What IS wrong with this house? Could it be something to do with the fact that he hand-made all the windows and they don't fit, and the curtains flap in the draught? I have GOT to move. Went to see a lovely house yesterday but unfortunately there was a building site next door where a block of flats and an office building are due to be constructed. As peace and quiet tie with warmth at the top of my wish list, I couldn't even consider it. Shame. Why didn't they refrain from putting it on the market until the building work was finished? Or maybe they can't stand the thought of living through months of heavy construction work, either.

Nothing ever goes simply in life, does it? I went to the the dental hygienist yesterday and while she was busy chipping away, a filling fell out. Oh dear, more expense. At least I have loads of editing work. Four jobs have piled up, my sister is visiting next week so she can see Fairport Convention with me, and the weekend after, I am going to stay with my friend in Liverpool and go to see Fishermen's Friends at the Philharmonic. That's the concert hall where we had all our school prizegivings, so it will bring back a memory or two. I don't think I have set foot in it for forty years! (Should I be admitting that? Oh, vanity, thou art my main failing as a human being! Apart from criticising Mr Grumpy, that is...)

Monday 6 February 2012

The teeth are gritted (even if the roads aren't).

A writing friend rang me tonight and told me about Tulisa (who?) getting a three boook deal. I can't repeat some of the things we said, which boiled down to how hard it was to get a publishing deal these days unless you were a young female celeb with big boobs, or a male comedian with a raunchy past. So I was glad to find the following blog, which expresses my thoughts on the subject perfectly.

http://www.novelicious.com/2012/02/novelicious-natters-tulisas-book-deal-with-headline.html

Am I being unfair? Or just jealous? It seems patently obvious that in these strapped-for-cash times, just plain talent doesn't cut it any more. You need a name, some fame, or even some blame.

A walk in the snow

Although the patch of woodland at the end of the road isn't that extensive, or even that wild, I still managed to stray off the path and get lost, as the track was blocked by a fallen bough and I had to force my way through the prickly undergrowth. I could have done with a machete.

    I loved the way that having a snowy upper surface emphasised the shapes made by the boughs.

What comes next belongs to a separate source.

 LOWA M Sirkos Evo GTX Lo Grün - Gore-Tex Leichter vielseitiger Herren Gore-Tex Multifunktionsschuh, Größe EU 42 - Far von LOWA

                              Something had dug for hidden treasure in last autumn's oak leaves...


                                                            Probably this little fellow!

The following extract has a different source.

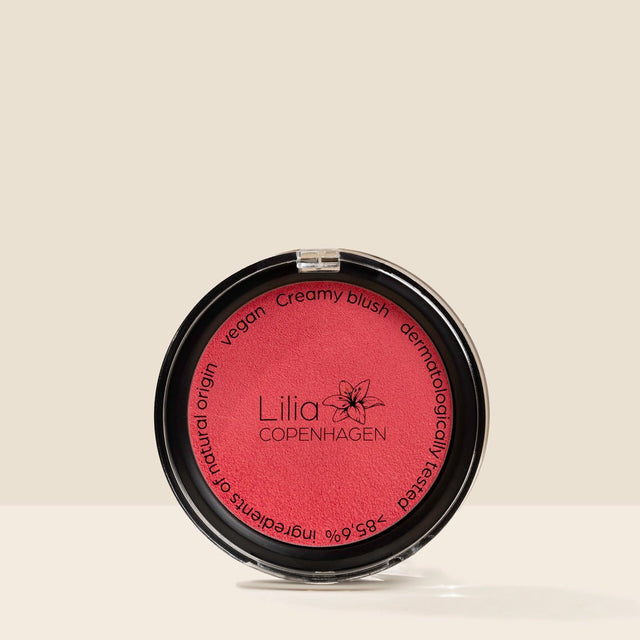 Creamy Blush Rasberry - Vegan & Natural, Paraben - Free, Made in EU - Lilia Copenhagen CVR 43267442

                          The deserted playground in the park beyond the woods looked quite surreal.


                     And whatever species of canine left this footprint, it must have been huge!

As I headed for home, a pallid sun looked like the silver moon amongst the branches, turning the woods to monochrome.

Saturday 4 February 2012

A must-read for all my writing friends

http://www.andrewlownie.co.uk/2011/01/13/what-editors-want

Perhaps you have already encountered this list of what editors are looking for. Yes, it's a year old but I still found it eye-opening - and I'm pretty sure most of those people are still there, and won't have changed their wish-list much.

I subscribe to a daily book business newsletter - http://www.booktrade.info/freesheet/ - which often contains info about commissioning editors and publishers; who has changed jobs, who has launched a new imprint. I have just started keeping a list so that I have a name to send sample chapters off to.

When I help get submission packages together for authors, my first piece of advice is always to ring first and get a name to send your submission to because Dear Agent, or Dear Commissioning Editor just doesn't cut it. It shows you haven't done your homework and your work will wing its way back unread - or, worse, be frisbee'd into the nearest bin!